A blog that our advisors frequent is https://www.kitces.com. On the surface, the structure of the site may look a little unconventional, but after spending some time at the site you will realize that this guy really knows his stuff. One of his recent articles struck a chord with me. Kitces speaks to all the phases of investing and how each “moves the needle” when it comes to saving for retirement and creating an income to supplement a desired retirement.
The article breaks down your working years into 4 distinct phases: Earn, Save, Grow, and Preserve. Before I get into the phases let’s have the chart below (showing someone saving $300/month at 8% earnings spanning from age 25 to age 65) guide us through the phases.
Something that stood out to me in the article was how powerful savings is at the beginning of retirement and how impactful an appropriate allocation is towards the end of your working years.

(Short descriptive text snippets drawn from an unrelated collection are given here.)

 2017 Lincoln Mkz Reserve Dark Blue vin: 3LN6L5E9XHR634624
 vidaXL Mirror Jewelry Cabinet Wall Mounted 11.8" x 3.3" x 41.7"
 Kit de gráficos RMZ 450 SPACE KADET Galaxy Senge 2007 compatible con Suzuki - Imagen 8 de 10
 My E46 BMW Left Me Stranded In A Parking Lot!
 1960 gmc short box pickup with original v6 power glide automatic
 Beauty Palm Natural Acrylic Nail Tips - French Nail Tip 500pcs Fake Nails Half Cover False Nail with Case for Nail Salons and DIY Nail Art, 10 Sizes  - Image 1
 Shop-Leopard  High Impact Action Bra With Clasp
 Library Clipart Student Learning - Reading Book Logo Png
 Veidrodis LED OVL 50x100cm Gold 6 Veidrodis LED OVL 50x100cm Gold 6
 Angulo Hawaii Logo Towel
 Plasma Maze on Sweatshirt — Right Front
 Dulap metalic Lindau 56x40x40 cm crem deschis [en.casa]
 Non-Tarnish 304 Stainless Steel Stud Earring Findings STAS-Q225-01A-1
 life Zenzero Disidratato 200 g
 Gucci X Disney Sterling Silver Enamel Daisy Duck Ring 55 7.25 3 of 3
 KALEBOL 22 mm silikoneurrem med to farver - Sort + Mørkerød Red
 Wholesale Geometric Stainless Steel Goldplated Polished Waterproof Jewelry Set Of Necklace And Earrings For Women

Consider these two scenarios:
Regardless of whether you are 25, 35, or 45 if you are just starting to save what matters even more than the allocation is how much you are contributing. Imagine if you have an account balance of $1,000 and contribute another $1,000 over the course of the year. With a $1,000 contribution you’ve doubled your money (or grown your balance by 100%). In contrast, if you were to have an above average year of performance, say 10% rate of return, but did not contribute to your account balance you would have grown your account $100. While $100 is nothing to dismiss, we can hopefully agree that it’s not going to impact your retirement in a drastic way. Later on in life as your balance grows that 10% return will have a much greater dollar impact, but during the early phases of saving your contributions do most of the heavy lifting when building your account.
As you continue to work and save the pendulum will slowly swing from contributions having the most impact on your account to account growth (or capital appreciation) impacting your account. The below chart (again from Kitces) gives a representation of the importance your allocation has as you progress in your career.
As you can see there is truly a shift in what influences your account most over time. Let’s look at that same $1,000 contribution later in life. Assume you’ve been saving for 20 years and your retirement account has grown to $250,000. The same $1,000 contribution now has less than a 1% impact on your account with the 10% rate of return on your account doing the heavy work to increase your account value by $25,000 (keep in mind a negative 10% return has the same impact on the opposite end of the spectrum).
So where do you go from here? Your savings rate and your allocation are going to impact your account value throughout the course of your working years with each providing great impact at different times during the course of your savings life. In fact, on average after saving in an account for 20 years, market growth accounts for 75% of increases in your account! A great rule of thumb is if you can pinch pennies in your 20s and 30s to build a great base in your account while keeping a growth allocation throughout your working years, you’re on your way to a successful retirement plan.